→ Work to complete
Images don't belong in the copy. Output the rest of the data exactly.

··· Provided entries ···

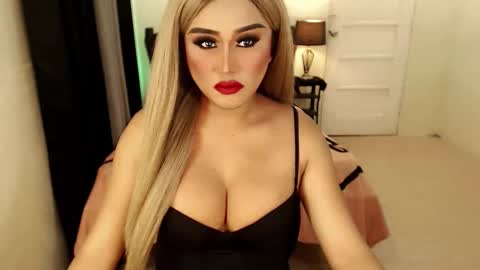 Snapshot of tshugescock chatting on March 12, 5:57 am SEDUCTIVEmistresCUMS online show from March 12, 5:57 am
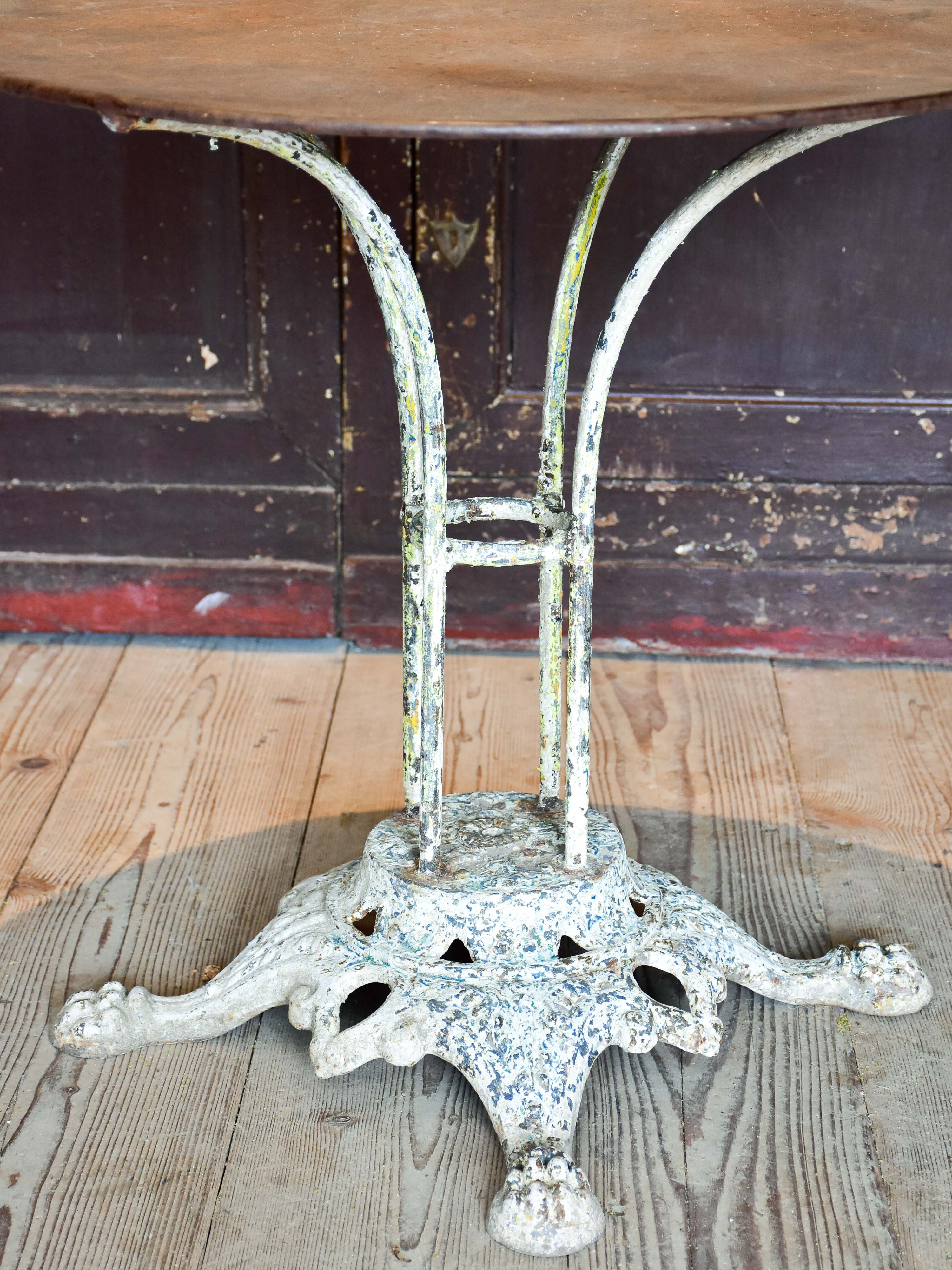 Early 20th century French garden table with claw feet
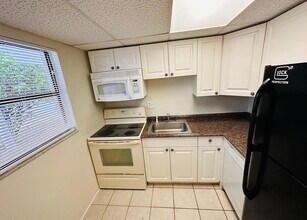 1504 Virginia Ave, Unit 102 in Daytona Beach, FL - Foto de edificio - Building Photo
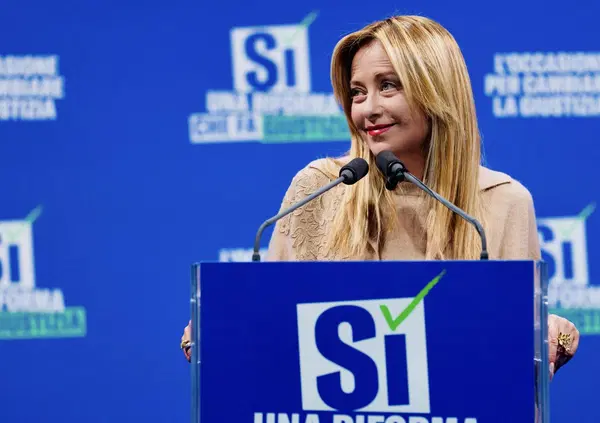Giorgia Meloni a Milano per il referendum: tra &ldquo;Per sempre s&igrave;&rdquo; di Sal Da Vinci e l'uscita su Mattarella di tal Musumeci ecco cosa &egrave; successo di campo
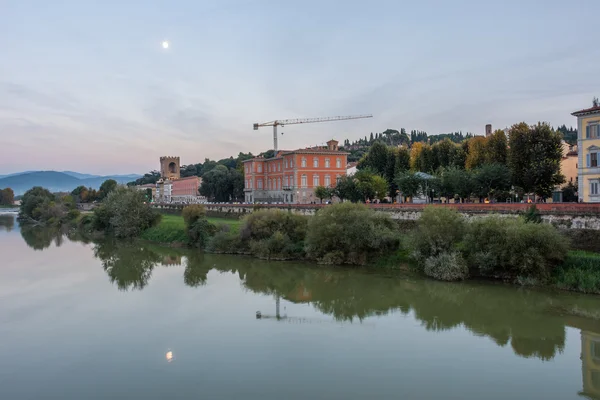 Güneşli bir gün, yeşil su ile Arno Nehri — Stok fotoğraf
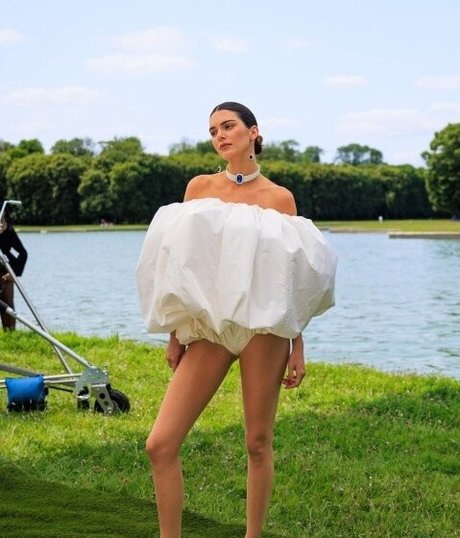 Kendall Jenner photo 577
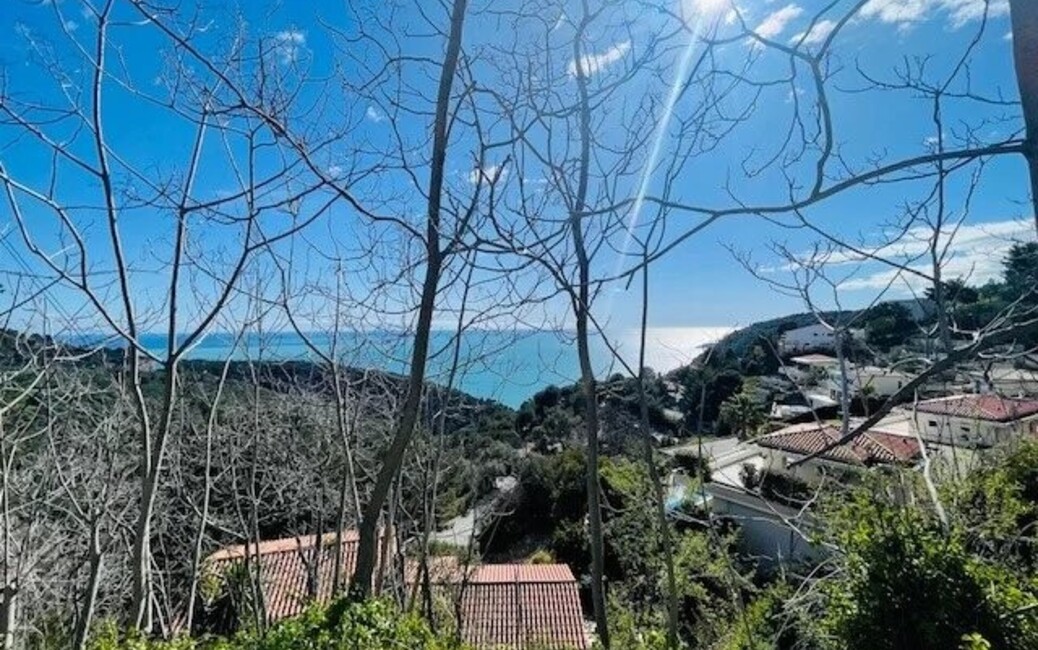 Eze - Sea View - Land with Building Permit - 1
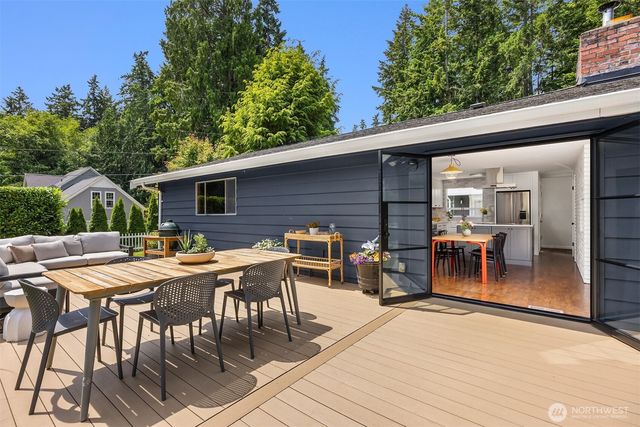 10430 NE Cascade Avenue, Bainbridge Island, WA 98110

···

→ Your solution
 Snapshot of tshugescock chatting on March 12, 5:57 am SEDUCTIVEmistresCUMS online show from March 12, 5:57 am
 Early 20th century French garden table with claw feet
 1504 Virginia Ave, Unit 102 in Daytona Beach, FL - Foto de edificio - Building Photo
Giorgia Meloni a Milano per il referendum: tra &ldquo;Per sempre s&igrave;&rdquo; di Sal Da Vinci e l'uscita su Mattarella di tal Musumeci ecco cosa &egrave; successo di campo
 Güneşli bir gün, yeşil su ile Arno Nehri — Stok fotoğraf
 Kendall Jenner photo 577
 Eze - Sea View - Land with Building Permit - 1
 10430 NE Cascade Avenue, Bainbridge Island, WA 98110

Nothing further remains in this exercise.